Not a bitter parting

DC CORRESPONDENT
Published Mar 28, 2014, 4:34 am IST
Updated Apr 8, 2019, 8:44 am IST
The new terminology can be looked at in variety of ways in a couple's separation
Gwyneth Paltrow and Chris Martin  -  Image- AP
 Gwyneth Paltrow and Chris Martin - Image- AP

They’re not calling it a split, a separation or a divorce. Instead, when Chris Martin and Gwyneth Paltrow announced to their fans that they were parting ways after 10 years of marriage, they used the phrase “conscious uncoupling”.

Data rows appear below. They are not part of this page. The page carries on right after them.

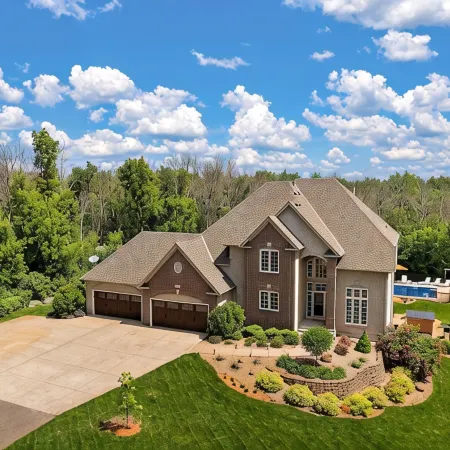Lux Retreat 5 Acres- Pool/Hot Tub/Tiki Bar/Fire Pit/Game Room- Great for Groups!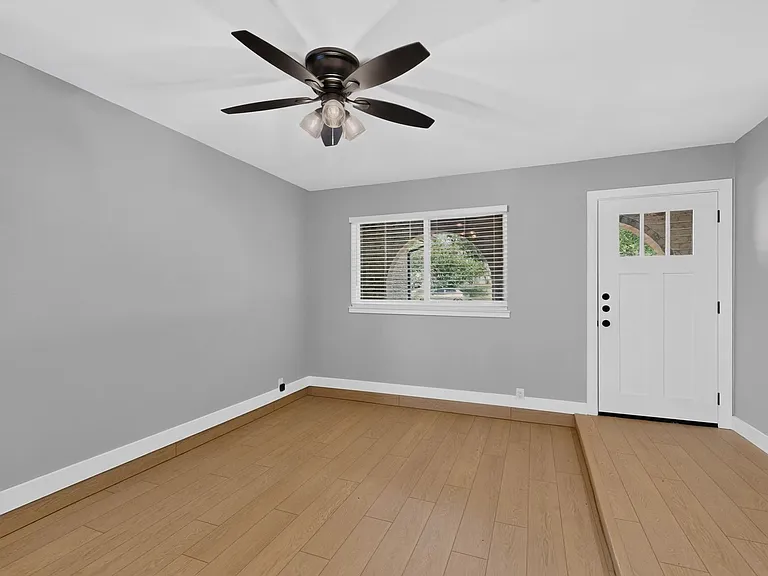 2606 Hilldale Blvd — Photo 9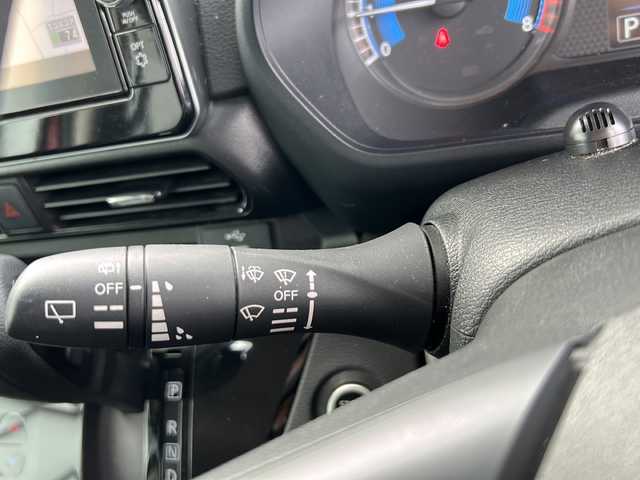 日産 ルークス ハイウェイスター X 岐阜県 2020(令2)年 3.5万km スパークリングレッド/ブラック 登録時走行距離34663km/純正9インチナビ（MM319D-L）/フルセグテレビ/全方位モニター・バックカメラ/両側パワースライドドア/ドライブレコーダー/純正フロアマット/純正アルミホイール/USB/Bluetooth/オートエアコン/プッシュスタート/スマートキー/スペアキー/LEDヘッドライト/オートライト/レーンキープアシスト/横滑り防止装置/盗難防止装置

Under a post on her website Goop, titled ‘Unconscious Coupling’, Gwyn and Chris wrote: “It is with hearts full of sadness that we have decided to separate. We have been working hard for well over a year, some of it together, some of it separated, to see what might have been possible between us, and we have come to the conclusion that while we love each other very much we will remain separate. We are, however, and always will be a family, and in many ways we are closer than we have ever been. We are parents first and foremost, to two incredibly wonderful children and we ask for their and our space and privacy to be respected at this difficult time. We have always conducted our relationship privately, and we hope that as we consciously uncouple and co-parent, we will be able to continue in the same manner.”

 

The phrase seems to have the Internet in a tizzy, with many analysing just what it means. Apparently a term coined by Dr Habib Sadeghi and Dr Sherry Sami (a couple who’ve been described as Gwyn’s spiritual advisers), it encompasses the decision of two individuals to stop being a couple, but still continue with other joint relationships, such as parenting children if any, in the most amicable way possible.

The new terminology can be looked at in a wide variety of ways within the context of a couple’s separation. Image consultant Chetna Mehrotra points out that the names we give relationships are themselves “labels”, so using a new label to describe a break-up is perfectly all right.  

 

“The whole idea of creating a label or giving a tag to a relationship is to enjoy the benefits that come with that tag. So when you use a label like this, you’re avoiding the negativity that is associated with ‘divorce’ or ‘break-up’,” Chetna explains.

She adds that as long as the label works for a particular couple (in this instance, Gwyneth and Chris), and helps them handle their split well and in a mature manner, that is what matters.

Using a label that is devoid of negativity serves to soften the blow. “I guess when a couple doesn’t want to make their parting sound so severe, you can use a phrase like this,” opines actress Vidushi Mehra. “Each to his own. If being apart is the best decision for you and your family, then so be it.” She points out, however, that a separation by any other name is still a separation.

 

Dr Sadeghi and Dr Sami feel that the concept of divorce itself needs a rethink. “We need to release the belief structures we have around marriage that create rigidity in our thought process. The belief structure is the all-or-nothing idea that when we marry, it’s for life. The truth is, the only thing any of us have is today. Beyond that, there are no guarantees,” they said, on Gwyneth’s website.

There are those who’ve already voiced support of the new concept. Actor Ashmit Patel feels it aptly describes the “conscious effort both parties have to make to part at the level of the body and the mind” once they’ve decided to pursue different paths. “The legal, societal and other obligations after all, can be handled by advisers,” he says.